There are however major target implementations, notably in game servers where users can install additional "Mod" component to tweak games or create variations. Modding games is a very active component of the gaming community, and it is also generating growing revenues, that hackers may attempt to steal and monetize for themselves (e.g. for stealing user credentials, or to create cheating bots to profit of the network, even to target users that use some Lua-tooled games, in addition to other games without Lua but sharing many user data components, including for social networking, as many active gamers play or try lot of games and mods proposed on online gaming platforms: the interest for hackers may be even more critical regarding  privacy and user data). Gaming plateforms may then need to invest time to secure their platform and keep their business model alive in a very competitive market.

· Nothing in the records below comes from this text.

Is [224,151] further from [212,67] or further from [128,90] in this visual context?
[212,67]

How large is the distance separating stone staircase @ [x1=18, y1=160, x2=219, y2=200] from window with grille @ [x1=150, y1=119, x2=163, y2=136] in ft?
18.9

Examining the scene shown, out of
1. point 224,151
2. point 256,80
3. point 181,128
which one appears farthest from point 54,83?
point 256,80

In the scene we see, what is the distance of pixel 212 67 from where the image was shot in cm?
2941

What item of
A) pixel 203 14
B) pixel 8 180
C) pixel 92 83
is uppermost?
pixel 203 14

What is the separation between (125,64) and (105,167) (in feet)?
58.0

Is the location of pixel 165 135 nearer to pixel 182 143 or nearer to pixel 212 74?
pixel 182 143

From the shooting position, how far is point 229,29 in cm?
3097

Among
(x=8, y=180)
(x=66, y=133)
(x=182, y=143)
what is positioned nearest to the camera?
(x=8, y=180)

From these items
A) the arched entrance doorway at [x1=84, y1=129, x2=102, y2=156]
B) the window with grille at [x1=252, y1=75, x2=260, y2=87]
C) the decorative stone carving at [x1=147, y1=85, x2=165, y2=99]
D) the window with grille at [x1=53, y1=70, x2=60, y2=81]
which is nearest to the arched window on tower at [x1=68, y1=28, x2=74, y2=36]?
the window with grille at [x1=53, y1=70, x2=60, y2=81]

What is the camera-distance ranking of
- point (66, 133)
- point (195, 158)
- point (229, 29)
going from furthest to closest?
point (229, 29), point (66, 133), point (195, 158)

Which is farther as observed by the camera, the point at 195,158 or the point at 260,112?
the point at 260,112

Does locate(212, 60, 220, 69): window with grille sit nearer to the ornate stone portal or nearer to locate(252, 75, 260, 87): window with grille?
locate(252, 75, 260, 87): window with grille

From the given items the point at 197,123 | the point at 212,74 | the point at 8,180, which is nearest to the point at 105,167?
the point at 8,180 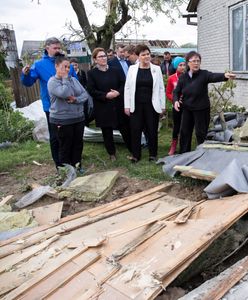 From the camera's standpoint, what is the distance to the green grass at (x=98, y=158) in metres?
5.44

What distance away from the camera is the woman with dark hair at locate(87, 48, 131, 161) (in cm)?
579

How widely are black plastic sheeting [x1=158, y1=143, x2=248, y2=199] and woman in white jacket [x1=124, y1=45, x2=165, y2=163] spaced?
27.0 inches

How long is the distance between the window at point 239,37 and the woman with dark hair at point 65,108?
5.45m

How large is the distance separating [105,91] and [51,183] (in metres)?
1.69

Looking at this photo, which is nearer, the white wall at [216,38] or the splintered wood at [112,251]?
the splintered wood at [112,251]

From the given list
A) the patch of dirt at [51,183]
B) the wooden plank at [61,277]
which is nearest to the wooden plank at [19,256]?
the wooden plank at [61,277]

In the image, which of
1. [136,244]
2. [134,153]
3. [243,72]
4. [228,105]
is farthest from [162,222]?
[243,72]

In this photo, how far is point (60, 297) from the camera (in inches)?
101

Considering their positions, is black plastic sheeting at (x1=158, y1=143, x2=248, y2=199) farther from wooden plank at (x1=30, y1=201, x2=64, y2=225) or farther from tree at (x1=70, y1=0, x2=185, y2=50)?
tree at (x1=70, y1=0, x2=185, y2=50)

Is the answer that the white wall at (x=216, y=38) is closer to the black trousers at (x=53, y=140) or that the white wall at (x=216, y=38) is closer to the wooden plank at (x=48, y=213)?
the black trousers at (x=53, y=140)

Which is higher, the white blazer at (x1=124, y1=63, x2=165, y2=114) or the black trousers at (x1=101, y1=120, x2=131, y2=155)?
the white blazer at (x1=124, y1=63, x2=165, y2=114)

Decompilers are general tools for use within all security companies. But it's hard to work with Lua if its specifications are constantly changing and adding new features and incompatibilities across versions, because suc decompiling tools need to target not just Lua versions, but also many target implementations and integration toolkits used in serverside servers, but also now in client-side applications such as games with many specific tweaks per application and platform.

Is there an ongoing joint effort about improving security and stability in Lua (possibly with the parallel development of compatiblity compatiblity layers that could support more versions, secure them with common security goals, and share common best practives, plus some tools to evaluate and detect defects in existing Lua source scripts, e.g. those shared on LuaRocks, and possibly other third party development platforms like GitHub)? This effort should not depend only on large private platforms, but should be open to other open source communities.

Le sam. 6 déc. 2025 à 09:40, 'Sainan' via lua-l <lu...@googlegroups.com> a écrit :

I don't think you need to be worried about the names. I think it's anti-virus people who obviously want to know what bytecode and other obfuscated code does, so they can deem it safe or not.

-- Sainan

--
You received this message because you are subscribed to the Google Groups "lua-l" group.
To unsubscribe from this group and stop receiving emails from it, send an email to lua-l+un...@googlegroups.com.

To view this discussion visit https://groups.google.com/d/msgid/lua-l/evsp8KhT32F3iZ0svFd_dYyA6HRZUxRTplnKx_RqQ7RWc996M0ia8HoeG892PfKSDKXADNWmvk3l7j01qtcaelE9jLCdgF0jOk8-5NBwoKI%3D%40calamity.inc.

[bil til]

Am Mo., 8. Dez. 2025 um 11:29 Uhr schrieb Philippe Verdy <ver...@gmail.com>:
> integrating Lua inside a server component may as well be tweaked specifically for the serverside software implemeing it.

... yes, this is an important point... . I also would not need a
"decompiler from the shelf", but a C code example of such a
decompiler, as my Lua also could be called "tweaked" of course (it is
adapted to microcontrollers with small available RAM, and the settings
in luaconf.h of course also are adapted to this... (e. g. 32bit Lua).